When Edward Ellington was a child, his family showed racial pride and support in their home, as did many other families. African Americans in D.C. worked to protect their children from the era's Jim Crow laws.[8]
At age seven, Ellington began taking piano lessons from Marietta Clinkscales. Daisy surrounded her son with dignified women to reinforce his manners and teach him elegance. His childhood friends noticed that his casual, offhand manner and dapper dress gave him the bearing of a young nobleman,[9] so they began calling him "Duke." Ellington credited his friend Edgar McEntree for the nickname. "I think he felt that in order for me to be eligible for his constant companionship, I should have a title. So he called me Duke."[10]
Though Ellington took piano lessons, he was more interested in baseball. "President Roosevelt (Teddy) would come by on his horse sometimes, and stop and watch us play", he recalled.[11] Ellington went to Armstrong Technical High School in Washington, D.C. His first job was selling peanuts at Washington Senators baseball games.

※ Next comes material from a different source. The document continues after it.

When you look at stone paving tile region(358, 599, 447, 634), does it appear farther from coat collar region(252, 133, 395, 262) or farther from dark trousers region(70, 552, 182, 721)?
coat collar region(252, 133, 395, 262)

Ellington started sneaking into Frank Holiday's Poolroom at age fourteen. Hearing the music of the poolroom pianists ignited Ellington's love for the instrument, and he began to take his piano studies seriously. Among the many piano players he listened to were Doc Perry, Lester Dishman, Louis Brown, Turner Layton, Gertie Wells, Clarence Bowser, Sticky Mack, Blind Johnny, Cliff Jackson, Claude Hopkins, Phil Wurd, Caroline Thornton, Luckey Roberts, Eubie Blake, Joe Rochester, and Harvey Brooks.[12]

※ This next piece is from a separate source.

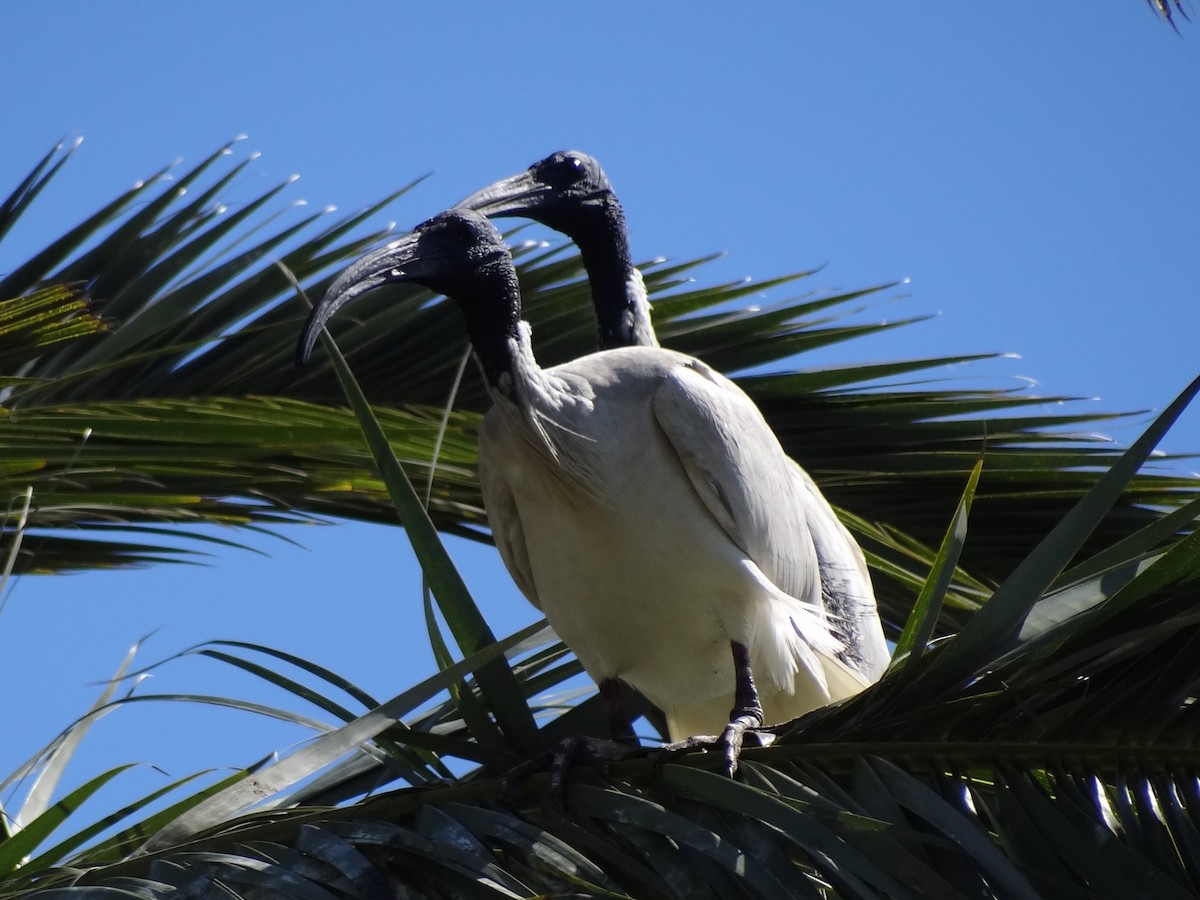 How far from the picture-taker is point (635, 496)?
3.15 metres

In the summer of 1914, while working as a soda jerk at the Poodle Dog Café, Ellington wrote his first composition, "Soda Fountain Rag" (also known as the "Poodle Dog Rag"). He created the piece by ear, as he had not yet learned to read and write music. "I would play the 'Soda Fountain Rag' as a one-step, two-step, waltz, tango, and fox trot", Ellington recalled. "Listeners never knew it was the same piece. I was established as having my own repertoire."[13] In his autobiography, Music is my Mistress (1973), Ellington wrote that he missed more lessons than he attended, feeling at the time that playing the piano was not his talent.

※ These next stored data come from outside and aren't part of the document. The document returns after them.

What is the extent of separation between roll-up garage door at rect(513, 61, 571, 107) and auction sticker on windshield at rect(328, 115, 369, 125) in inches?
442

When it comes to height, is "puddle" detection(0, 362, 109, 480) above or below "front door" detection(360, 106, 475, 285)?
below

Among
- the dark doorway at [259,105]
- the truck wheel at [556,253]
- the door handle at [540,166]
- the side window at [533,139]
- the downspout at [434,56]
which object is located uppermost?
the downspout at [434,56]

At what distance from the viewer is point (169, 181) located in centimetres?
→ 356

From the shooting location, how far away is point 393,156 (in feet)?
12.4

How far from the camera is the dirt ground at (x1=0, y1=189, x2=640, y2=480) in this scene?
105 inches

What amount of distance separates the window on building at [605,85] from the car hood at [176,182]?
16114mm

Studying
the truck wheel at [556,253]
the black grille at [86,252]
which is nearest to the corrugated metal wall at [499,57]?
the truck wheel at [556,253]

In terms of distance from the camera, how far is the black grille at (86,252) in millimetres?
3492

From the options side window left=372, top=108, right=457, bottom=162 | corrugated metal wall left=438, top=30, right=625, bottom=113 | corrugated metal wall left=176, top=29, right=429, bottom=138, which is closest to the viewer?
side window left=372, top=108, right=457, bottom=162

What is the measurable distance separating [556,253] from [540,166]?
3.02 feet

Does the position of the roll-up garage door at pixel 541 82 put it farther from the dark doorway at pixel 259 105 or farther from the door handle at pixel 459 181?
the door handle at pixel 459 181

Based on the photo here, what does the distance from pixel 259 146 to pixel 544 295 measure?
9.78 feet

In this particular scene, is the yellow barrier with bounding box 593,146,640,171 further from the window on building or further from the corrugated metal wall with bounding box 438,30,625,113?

Ellington continued listening to, watching, and imitating ragtime pianists, not only in Washington, D.C., but in Philadelphia and Atlantic City, where he vacationed with his mother during the summer.[13] He would sometimes hear strange music played by those who could not afford much sheet music, so for variations, they played the sheets upside down.[14] Henry Lee Grant, a Dunbar High School music teacher, gave him private lessons in harmony. With the additional guidance of Washington pianist and band leader Oliver "Doc" Perry, Ellington learned to read sheet music, project a professional style, and improve his technique. Ellington was also inspired by his first encounters with stride pianists James P. Johnson and Luckey Roberts. Later in New York he took advice from Will Marion Cook, Fats Waller, and Sidney Bechet. Ellington started to play gigs in cafés and clubs in and around Washington, D.C. His attachment to music was so strong that in 1916 he turned down an art scholarship to the Pratt Institute in Brooklyn. Three months before graduating he dropped out of Armstrong Manual Training School, where he was studying commercial art.[15]